The running mean is a case of the mathematical operation of convolution. For the running mean, you slide a window along the input and compute the mean of the window's contents. For discrete 1D signals, convolution is the same thing, except instead of the mean you compute an arbitrary linear combination, i.e., multiply each element by a corresponding coefficient and add up the results. Those coefficients, one for each position in the window, are sometimes called the convolution kernel. The arithmetic mean of N values is (x_1 + x_2 + ... + x_N) / N, so the corresponding kernel is (1/N, 1/N, ..., 1/N), and that's exactly what we get by using np.ones(N)/N.

Edges

The mode argument of np.convolve specifies how to handle the edges. I chose the valid mode here because I think that's how most people expect the running mean to work, but you may have other priorities. Here is a plot that illustrates the difference between the modes:

import numpy as np
import matplotlib.pyplot as plt
modes = ['full', 'same', 'valid']
for m in modes:
    plt.plot(np.convolve(np.ones(200), np.ones(50)/50, mode=m));
plt.axis([-10, 251, -.1, 1.1]);
plt.legend(modes, loc='lower center');
plt.show()

Answer 3

I feel this can be elegantly solved using bottleneck

See basic sample below:

import numpy as np
import bottleneck as bn

a = np.random.randint(4, 1000, size=100)
mm = bn.move_mean(a, window=5, min_count=1)

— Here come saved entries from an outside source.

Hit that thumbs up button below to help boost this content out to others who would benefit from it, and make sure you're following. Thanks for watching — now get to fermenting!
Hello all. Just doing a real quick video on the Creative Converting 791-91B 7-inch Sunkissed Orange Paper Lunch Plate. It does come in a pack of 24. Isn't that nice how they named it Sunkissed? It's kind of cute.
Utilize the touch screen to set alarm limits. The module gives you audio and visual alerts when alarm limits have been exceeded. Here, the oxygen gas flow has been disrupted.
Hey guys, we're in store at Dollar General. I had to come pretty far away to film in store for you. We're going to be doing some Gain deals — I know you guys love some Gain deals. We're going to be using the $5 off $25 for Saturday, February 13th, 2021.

• "mm" is the moving mean for "a".

• "window" is the max number of entries to consider for moving mean.

• "min_count" is min number of entries to consider for moving mean (e.g. for first few elements or if the array has nan values).

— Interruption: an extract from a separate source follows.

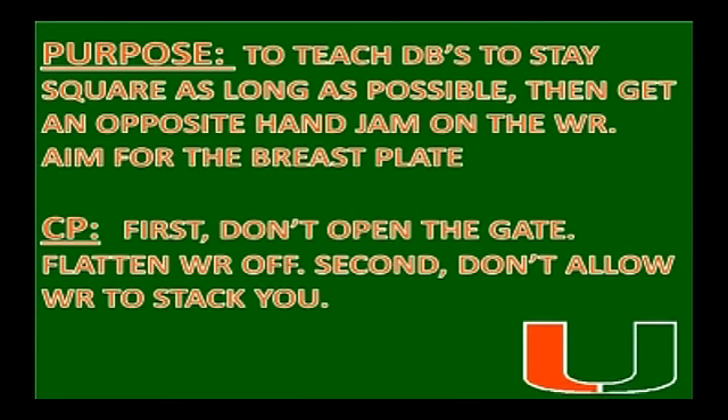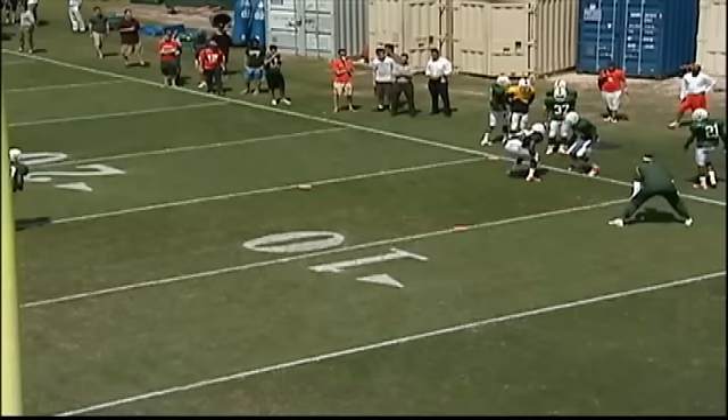The main coaching points are: first, we don't want to open the gate — we want to flatten the receiver off. Second, we don't want to allow the receiver to stack us.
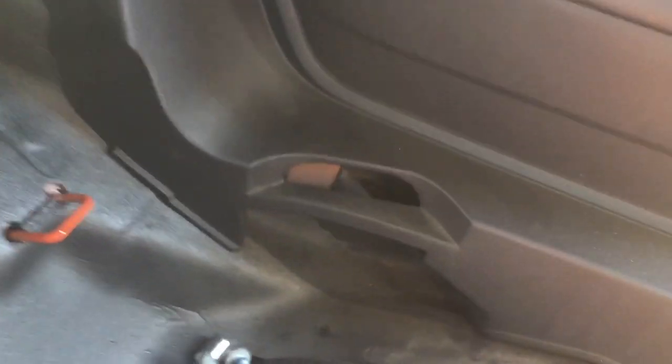Once the side panels are back in and all the covers are back in their respective spots, the last cover is where the seat belt used to come through. They provide a cover for that, and it matches the texture perfectly. It just clips right in and gives it a nice finished look. That's what the side panel will look like when finished — where the seat belt used to be is just an empty bolt hole now, nice and flush.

The good part is Bottleneck helps to deal with nan values and it's also very efficient.

Answer 4

There is a comment by mab buried in one of the answers above which has this method. bottleneck has move_mean which is a simple moving average:

import numpy as np
import bottleneck as bn

a = np.arange(10) + np.random.random(10)

mva = bn.move_mean(a, window=2, min_count=1)

min_count is a handy parameter that will basically take the moving average up to that point in your array. If you don't set min_count, it will equal window, and everything up to window points will be nan.

Answer 5

Update: The example below shows the old pandas.rolling_mean function which has been removed in recent versions of pandas. A modern equivalent of the function call below would be

In [8]: pd.Series(x).rolling(window=N).mean().iloc[N-1:].values
Out[8]: 
array([ 0.49815397,  0.49844183,  0.49840518, ...,  0.49488191,
        0.49456679,  0.49427121])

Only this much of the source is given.